These BCJ filters have known problems related to the compression
ratio:
o Some types of files containing executable code (e.g. object
files, static libraries, and Linux kernel modules) have the
addresses in the instructions filled with filler values.
These BCJ filters will still do the address conversion, which
will make the compression worse with these files.
o Applying a BCJ filter on an archive containing multiple
similar executables can make the compression ratio worse than
not using a BCJ filter. This is because the BCJ filter
doesn't detect the boundaries of the executable files, and
doesn't reset the address conversion counter for each
executable.
Both of the above problems will be fixed in the future in a new
filter.

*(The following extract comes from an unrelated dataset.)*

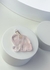 Pingente Quartzo Rosa Elefante Banho Prata - comprar online
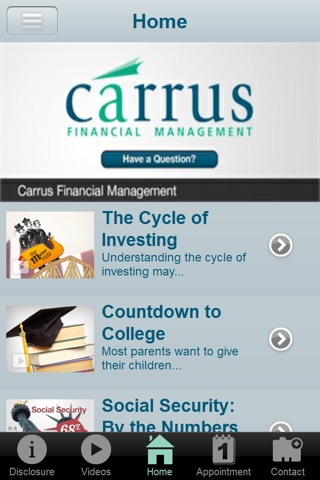 Carrus Financial screenshot 2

The old BCJ filters will still be useful in embedded
systems, because the decoder of the new filter will be bigger
and use more memory.
Different instruction sets have different alignment:
Filter Alignment Notes
x86 1 32-bit or 64-bit x86
PowerPC 4 Big endian only
ARM 4 Little endian only
ARM-Thumb 2 Little endian only
IA-64 16 Big or little endian
SPARC 4 Big or little endian
Since the BCJ-filtered data is usually compressed with LZMA2,
the compression ratio may be improved slightly if the LZMA2
options are set to match the alignment of the selected BCJ
filter. For example, with the IA-64 filter, it's good to set
pb=4 with LZMA2 (2^4=16). The x86 filter is an exception; it's
usually good to stick to LZMA2's default four-byte alignment
when compressing x86 executables.
All BCJ filters support the same options:
start=offset
Specify the start offset that is used when converting
between relative and absolute addresses. The offset must
be a multiple of the alignment of the filter (see the
table above). The default is zero. In practice, the
default is good; specifying a custom offset is almost
never useful.
--delta[=options]
Add the Delta filter to the filter chain. The Delta filter can
be only used as a non-last filter in the filter chain.
Currently only simple byte-wise delta calculation is supported.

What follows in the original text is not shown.